There is also a still-incomplete Prelude of functions, some FreeT or Stream - general, some involving the functor ((,) a) here called Of a. (Stream (Of a) m r like FreeT ((,) a) m r is equivalent to the pipes Producer a m r type. Similarly, Stream (Of a) m () and FreeT ((,) a) m () are possible implementations of ListT done right.

I ran a simple benchmark (adjusting a script of John Weigly) using a very simple composition of functions:

. filter (\x -> x `mod` 2 == 0) 
. map (+1) 
. drop 1000 
. map (+1) 
. filter even 
. each

The the results were fairly pleasing:

benchmarking basic/streaming
time                 84.50 ms   (79.81 ms .. 87.90 ms)

benchmarking basic/iostreams
time                 266.2 ms   (235.6 ms .. 292.0 ms)

benchmarking basic/pipes
time                 232.0 ms   (206.6 ms .. 246.7 ms)
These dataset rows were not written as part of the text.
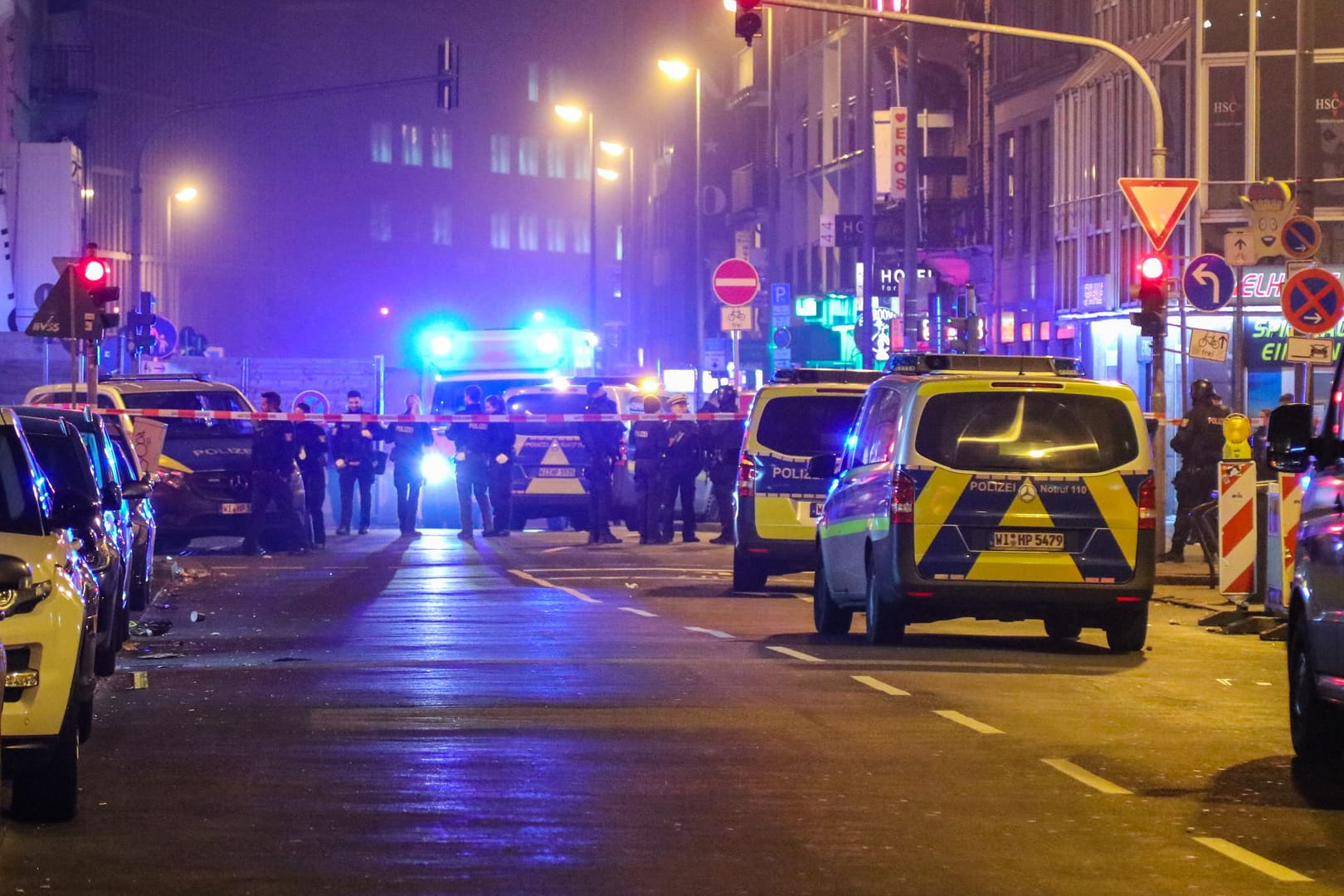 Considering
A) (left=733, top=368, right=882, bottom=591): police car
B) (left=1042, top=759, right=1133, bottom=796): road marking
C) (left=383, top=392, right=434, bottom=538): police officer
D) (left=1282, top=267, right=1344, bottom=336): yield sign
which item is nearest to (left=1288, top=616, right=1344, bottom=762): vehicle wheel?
(left=1042, top=759, right=1133, bottom=796): road marking

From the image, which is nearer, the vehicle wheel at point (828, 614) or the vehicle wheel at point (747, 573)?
the vehicle wheel at point (828, 614)

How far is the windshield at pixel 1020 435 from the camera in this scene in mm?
15859

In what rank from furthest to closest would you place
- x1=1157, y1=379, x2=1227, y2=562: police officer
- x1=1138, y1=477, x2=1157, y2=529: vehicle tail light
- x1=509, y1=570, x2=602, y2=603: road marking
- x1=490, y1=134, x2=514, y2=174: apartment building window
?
x1=490, y1=134, x2=514, y2=174: apartment building window < x1=1157, y1=379, x2=1227, y2=562: police officer < x1=509, y1=570, x2=602, y2=603: road marking < x1=1138, y1=477, x2=1157, y2=529: vehicle tail light

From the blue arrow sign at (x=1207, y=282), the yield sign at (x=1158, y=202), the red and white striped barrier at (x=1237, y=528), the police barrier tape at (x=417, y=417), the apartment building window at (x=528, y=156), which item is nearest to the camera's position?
the red and white striped barrier at (x=1237, y=528)

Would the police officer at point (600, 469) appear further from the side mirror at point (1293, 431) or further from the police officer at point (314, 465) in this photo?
the side mirror at point (1293, 431)

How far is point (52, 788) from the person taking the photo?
8.91 m

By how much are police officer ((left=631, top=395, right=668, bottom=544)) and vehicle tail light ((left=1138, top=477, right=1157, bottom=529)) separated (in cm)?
1622

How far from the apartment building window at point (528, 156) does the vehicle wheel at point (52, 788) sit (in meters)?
111

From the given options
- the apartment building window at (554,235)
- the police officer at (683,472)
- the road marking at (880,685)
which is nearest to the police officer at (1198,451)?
the police officer at (683,472)

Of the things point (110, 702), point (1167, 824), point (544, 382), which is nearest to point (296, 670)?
point (110, 702)

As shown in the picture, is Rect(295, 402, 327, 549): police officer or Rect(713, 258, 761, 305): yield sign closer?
Rect(295, 402, 327, 549): police officer

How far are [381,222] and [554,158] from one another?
17056 millimetres

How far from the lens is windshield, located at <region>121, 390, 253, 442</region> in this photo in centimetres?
2963

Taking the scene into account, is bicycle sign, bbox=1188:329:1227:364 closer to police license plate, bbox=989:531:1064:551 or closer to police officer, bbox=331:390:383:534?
police license plate, bbox=989:531:1064:551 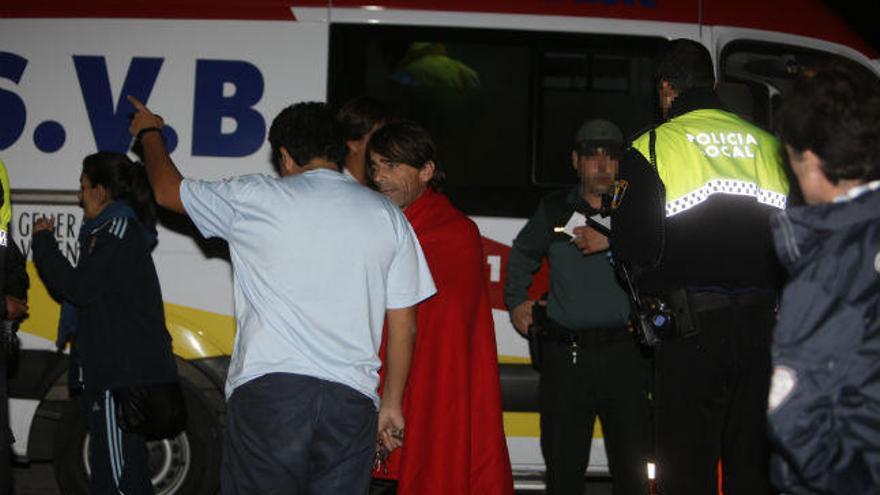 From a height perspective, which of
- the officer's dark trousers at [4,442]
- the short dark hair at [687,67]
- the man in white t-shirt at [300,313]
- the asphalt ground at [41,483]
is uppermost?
the short dark hair at [687,67]

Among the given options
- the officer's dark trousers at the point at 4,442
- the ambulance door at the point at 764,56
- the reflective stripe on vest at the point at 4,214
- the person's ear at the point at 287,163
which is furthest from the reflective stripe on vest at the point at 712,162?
the officer's dark trousers at the point at 4,442

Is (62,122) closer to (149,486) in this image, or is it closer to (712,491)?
(149,486)

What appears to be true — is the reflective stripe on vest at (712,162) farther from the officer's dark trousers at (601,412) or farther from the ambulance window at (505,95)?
the ambulance window at (505,95)

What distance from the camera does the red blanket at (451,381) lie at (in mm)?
4383

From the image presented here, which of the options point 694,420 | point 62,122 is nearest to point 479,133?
point 62,122

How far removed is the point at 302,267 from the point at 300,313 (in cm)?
14

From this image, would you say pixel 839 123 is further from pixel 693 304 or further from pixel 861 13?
pixel 861 13

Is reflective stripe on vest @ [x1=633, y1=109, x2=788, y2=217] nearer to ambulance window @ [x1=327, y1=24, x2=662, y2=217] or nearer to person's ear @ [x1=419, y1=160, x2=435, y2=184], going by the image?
person's ear @ [x1=419, y1=160, x2=435, y2=184]

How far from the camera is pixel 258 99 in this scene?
19.9ft

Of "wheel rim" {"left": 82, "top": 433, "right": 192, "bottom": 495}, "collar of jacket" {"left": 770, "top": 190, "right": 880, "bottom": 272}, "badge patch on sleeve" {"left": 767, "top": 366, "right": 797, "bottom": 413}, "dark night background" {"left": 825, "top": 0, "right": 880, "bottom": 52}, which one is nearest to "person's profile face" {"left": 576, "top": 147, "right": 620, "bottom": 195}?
"wheel rim" {"left": 82, "top": 433, "right": 192, "bottom": 495}

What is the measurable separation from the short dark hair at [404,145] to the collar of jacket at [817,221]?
200cm

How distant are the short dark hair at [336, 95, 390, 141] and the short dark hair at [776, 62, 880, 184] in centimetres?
243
benchmarking basic/conduit
time                 102.3 ms   (96.24 ms .. 110.0 ms)

This sequence of pre-packaged combinators is, I think, very friendly to the more recent conduit fusion framework. The framework of course doesn't apply to user-defined operations, where we should expect times like those shown for pipes. Since the combinators from streaming is defined with naive recursion, more or less as the user might, we have reason to think the result is characteristic, but much more benchmarking is needed before anything can be said with certainty. The labor of constructor-hiding may turn up some further difficulty.